A filmagem aconteceu no hotel Carmel Taíba Exclusive Resort, em São Gonçalo do Amarante, a 75 km de Fortaleza. Diferente de quando a marca realizava grandes eventos presenciais, a equipe de produção contou com cerca de 20 pessoas (antes, esse número chegava a 200). Das 40 modelos que compunham o casting dos desfiles tradicionais, agora apenas duas cruzaram a passarela: Mari Calazans e Carol Trentini.

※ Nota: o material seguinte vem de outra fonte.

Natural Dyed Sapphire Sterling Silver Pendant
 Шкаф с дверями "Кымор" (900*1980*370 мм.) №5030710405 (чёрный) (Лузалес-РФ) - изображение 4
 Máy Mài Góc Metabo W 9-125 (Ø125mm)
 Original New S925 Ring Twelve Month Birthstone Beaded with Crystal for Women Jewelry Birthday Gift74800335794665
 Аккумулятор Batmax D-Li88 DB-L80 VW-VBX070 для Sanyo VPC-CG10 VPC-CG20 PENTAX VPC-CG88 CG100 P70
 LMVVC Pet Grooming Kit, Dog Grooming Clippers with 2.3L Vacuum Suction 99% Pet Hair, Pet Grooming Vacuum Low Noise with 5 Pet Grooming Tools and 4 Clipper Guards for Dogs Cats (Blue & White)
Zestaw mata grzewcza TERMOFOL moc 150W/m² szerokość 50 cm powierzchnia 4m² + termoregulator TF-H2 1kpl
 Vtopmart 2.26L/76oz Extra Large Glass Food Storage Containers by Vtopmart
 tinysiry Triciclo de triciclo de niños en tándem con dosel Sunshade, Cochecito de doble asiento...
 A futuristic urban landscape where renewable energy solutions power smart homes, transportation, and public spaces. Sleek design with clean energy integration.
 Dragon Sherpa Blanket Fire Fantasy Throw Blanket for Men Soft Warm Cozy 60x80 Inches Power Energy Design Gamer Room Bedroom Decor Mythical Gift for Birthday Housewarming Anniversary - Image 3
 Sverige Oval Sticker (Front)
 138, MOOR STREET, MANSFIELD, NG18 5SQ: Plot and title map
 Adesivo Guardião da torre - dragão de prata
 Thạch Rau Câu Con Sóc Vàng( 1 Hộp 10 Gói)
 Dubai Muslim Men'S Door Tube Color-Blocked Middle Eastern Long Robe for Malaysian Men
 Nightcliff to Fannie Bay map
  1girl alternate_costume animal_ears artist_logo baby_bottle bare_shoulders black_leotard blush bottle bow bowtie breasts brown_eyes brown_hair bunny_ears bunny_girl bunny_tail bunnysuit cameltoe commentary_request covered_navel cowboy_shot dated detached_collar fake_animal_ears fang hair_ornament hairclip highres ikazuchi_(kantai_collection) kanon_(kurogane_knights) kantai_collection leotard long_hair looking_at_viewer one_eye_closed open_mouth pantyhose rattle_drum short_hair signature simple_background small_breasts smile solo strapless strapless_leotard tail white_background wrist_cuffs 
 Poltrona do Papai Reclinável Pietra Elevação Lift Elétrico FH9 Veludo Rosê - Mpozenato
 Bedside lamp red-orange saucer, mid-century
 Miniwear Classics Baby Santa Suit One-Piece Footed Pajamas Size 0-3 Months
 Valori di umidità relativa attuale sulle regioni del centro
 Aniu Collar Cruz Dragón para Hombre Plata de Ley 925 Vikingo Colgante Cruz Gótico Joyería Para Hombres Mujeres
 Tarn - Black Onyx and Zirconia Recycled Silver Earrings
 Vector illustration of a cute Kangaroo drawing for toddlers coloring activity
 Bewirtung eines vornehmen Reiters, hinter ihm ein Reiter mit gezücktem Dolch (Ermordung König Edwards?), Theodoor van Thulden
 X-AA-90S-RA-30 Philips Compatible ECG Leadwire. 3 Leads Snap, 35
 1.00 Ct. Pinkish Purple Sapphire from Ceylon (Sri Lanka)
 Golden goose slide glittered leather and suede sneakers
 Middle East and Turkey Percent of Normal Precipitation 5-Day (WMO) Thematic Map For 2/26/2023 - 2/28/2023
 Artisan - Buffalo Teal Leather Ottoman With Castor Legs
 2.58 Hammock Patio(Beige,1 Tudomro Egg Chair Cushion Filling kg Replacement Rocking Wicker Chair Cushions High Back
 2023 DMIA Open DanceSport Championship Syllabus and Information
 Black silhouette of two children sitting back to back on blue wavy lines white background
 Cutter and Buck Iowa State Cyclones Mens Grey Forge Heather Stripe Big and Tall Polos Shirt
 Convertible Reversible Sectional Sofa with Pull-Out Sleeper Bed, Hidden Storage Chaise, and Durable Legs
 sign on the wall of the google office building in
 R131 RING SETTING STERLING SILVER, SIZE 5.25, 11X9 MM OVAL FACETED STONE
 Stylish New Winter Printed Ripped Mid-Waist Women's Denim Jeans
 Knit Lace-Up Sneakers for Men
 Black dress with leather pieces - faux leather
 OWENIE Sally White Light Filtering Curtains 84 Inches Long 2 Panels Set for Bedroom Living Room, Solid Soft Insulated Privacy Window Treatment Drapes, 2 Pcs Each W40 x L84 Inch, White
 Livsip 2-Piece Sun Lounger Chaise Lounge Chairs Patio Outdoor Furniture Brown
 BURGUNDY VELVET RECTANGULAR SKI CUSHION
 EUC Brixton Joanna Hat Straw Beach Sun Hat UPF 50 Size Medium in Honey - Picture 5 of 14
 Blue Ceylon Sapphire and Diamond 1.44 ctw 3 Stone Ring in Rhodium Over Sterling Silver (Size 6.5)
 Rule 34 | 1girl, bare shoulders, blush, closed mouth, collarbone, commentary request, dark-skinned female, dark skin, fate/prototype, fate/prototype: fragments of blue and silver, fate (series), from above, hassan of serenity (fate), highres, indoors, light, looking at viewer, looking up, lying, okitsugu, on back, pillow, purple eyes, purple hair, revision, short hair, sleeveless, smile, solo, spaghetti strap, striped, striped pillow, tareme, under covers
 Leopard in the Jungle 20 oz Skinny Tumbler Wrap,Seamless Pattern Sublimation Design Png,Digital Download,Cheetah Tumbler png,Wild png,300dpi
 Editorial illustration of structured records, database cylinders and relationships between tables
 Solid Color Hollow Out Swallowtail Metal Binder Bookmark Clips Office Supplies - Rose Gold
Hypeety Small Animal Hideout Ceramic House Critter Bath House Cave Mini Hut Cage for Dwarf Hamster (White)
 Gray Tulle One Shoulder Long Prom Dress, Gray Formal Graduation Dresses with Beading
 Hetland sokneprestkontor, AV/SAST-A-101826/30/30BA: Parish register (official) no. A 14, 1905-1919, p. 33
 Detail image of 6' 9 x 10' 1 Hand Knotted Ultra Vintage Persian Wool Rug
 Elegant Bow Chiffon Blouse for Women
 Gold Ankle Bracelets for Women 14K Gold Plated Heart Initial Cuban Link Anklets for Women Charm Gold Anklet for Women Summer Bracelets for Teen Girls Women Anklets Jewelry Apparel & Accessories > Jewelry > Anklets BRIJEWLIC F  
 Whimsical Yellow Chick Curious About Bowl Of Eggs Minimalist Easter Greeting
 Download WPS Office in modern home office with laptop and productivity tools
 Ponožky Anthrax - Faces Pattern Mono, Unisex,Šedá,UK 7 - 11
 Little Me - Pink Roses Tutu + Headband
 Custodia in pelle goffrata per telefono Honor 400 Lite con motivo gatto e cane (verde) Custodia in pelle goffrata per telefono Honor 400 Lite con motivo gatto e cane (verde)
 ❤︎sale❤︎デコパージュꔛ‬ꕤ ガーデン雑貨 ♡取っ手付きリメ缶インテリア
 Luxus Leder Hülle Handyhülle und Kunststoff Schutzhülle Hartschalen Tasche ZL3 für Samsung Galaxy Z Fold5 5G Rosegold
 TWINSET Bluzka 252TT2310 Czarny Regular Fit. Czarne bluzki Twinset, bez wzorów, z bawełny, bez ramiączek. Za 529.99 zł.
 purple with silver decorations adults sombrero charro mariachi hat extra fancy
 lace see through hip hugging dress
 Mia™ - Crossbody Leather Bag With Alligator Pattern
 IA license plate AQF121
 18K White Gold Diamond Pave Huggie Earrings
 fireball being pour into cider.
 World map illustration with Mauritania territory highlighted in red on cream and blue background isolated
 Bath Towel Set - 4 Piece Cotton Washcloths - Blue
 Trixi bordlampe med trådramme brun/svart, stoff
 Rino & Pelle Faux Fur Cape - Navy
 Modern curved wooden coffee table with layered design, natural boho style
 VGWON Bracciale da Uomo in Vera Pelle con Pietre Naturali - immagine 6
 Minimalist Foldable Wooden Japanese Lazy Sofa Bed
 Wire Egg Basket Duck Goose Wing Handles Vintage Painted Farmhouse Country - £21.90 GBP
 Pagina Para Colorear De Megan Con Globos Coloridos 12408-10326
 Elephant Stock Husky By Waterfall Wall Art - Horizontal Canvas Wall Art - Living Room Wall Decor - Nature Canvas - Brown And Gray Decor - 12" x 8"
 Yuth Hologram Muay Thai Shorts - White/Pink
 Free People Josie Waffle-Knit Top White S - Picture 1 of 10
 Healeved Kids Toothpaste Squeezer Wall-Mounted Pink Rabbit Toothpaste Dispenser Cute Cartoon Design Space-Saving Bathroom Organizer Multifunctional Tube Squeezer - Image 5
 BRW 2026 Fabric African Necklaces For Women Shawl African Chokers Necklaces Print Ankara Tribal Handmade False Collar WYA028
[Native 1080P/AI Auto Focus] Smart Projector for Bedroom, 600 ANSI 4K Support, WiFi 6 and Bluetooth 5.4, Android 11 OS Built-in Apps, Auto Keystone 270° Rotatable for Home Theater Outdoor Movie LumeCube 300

Por outro lado, a coleção não sofreu grandes perdas. “Finalizamos tudo bem antes da pandemia, então não foi preciso mudar nada”, afirma Thomaz. “Já as próximas coleções [que serão lançadas no fim deste ano e no início de 2021] tiveram de ser revistas quase que por completo.” Coincidentemente, nesta temporada a marca optou por deixar em segundo plano suas famosas estampas tropicais e destacar peças com design mais simples e cores sóbrias, como o preto e o bege. “Por acaso, é algo que se relaciona ao momento que estamos vivendo, aos desejos por itens mais básicos e atemporais.”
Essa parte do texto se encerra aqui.